Maryland Secretary of the Environment Ben Grumbles hailed the consent decree as a win for the environment.
“Power plants have a responsibility to keep Maryland’s rivers, skies and lands clean for all,” he said. “This strong enforcement action includes a stiff penalty, improved technology at the plants to prevent nitrogen pollution, and significant investments in projects to protect the health of our priceless Potomac and Patuxent rivers.”
However, others in the environmental community do not think the action goes far enough. Fred Tutman, the Patuxent Riverkeeper, said Chalk Point has faced numerous consent decrees throughout its history.
“I think these guys are chronically non-compliant, since I’ve been the riverkeeper. I guarantee you we’ll be back in court fighting these guys again over something else,” he said. “I think it’s a slap on the wrist. $2 million is not a significant fine or penalty to deter future wrongdoing. They’re getting off easy.”
Tutman also said signing the consent decree does not mean NRG admitted to any wrongdoing, legally, and so protects it from civil action by community members over the pollution.
Patuxent Riverkeeper, Potomac Riverkeeper and Food & Water Watch jointly filed the suit against NRG over the nitrogen pollution, and although the attorney general’s office took over the case, Tutman said his organization was involved in all the negotiations over the settlement.
Gaier noted that in spite of their criticism, Patuxent Riverkeeper and the others agreed on the terms of the settlement.

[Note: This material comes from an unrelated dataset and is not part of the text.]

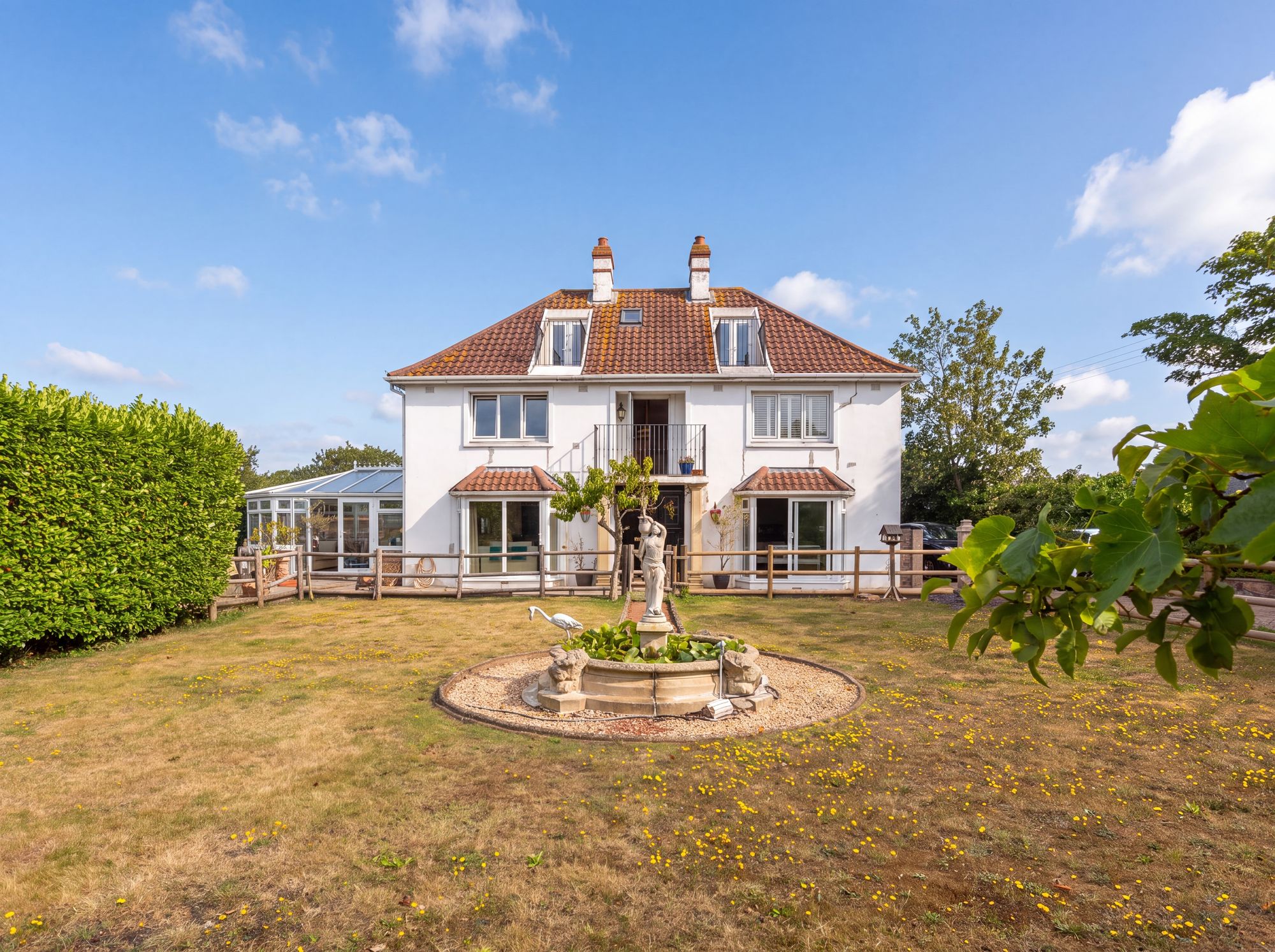 Villa De L'Aube, St Peter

While Tutman said he thinks the problems with NRG will continue, he said the decree should “make a difference in the short run in terms of nitrogen.”

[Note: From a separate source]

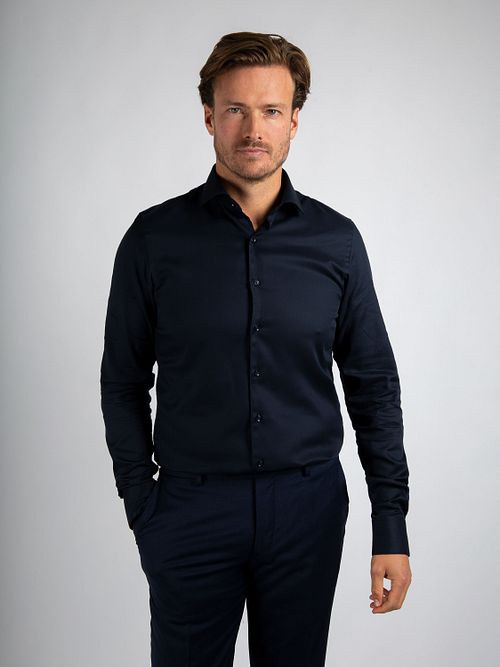 Suitable Skjorte med Ekstra Lange Ærmer Twill Navy Model / Voorkant med Stefan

Excess nitrogen in rivers can lead to algae blooms that block sunlight to other aquatic plants and use up the oxygen in the water, leading to fish kills and other harm to the river’s ecosystem.
“Nitrogen is what’s feeding the decline of the rivers, both the Patuxent and the Potomac, and the Chesapeake Bay. This is exactly the stuff that is killing the river,” Tutman said.
Other sources of nitrogen in waterways include runoff from farms and vehicle emissions, and many environmentalist say those sources contribute to pollution more than discharges from power plants.
Gaier said the primary source of nitrogen from the plants came from the scrubber systems installed to help reduce air pollution.
“They allowed the plants to fully comply with the Maryland Healthy Air Act, and dramatically reduce the plants’ environmental footprint to this day,” he said.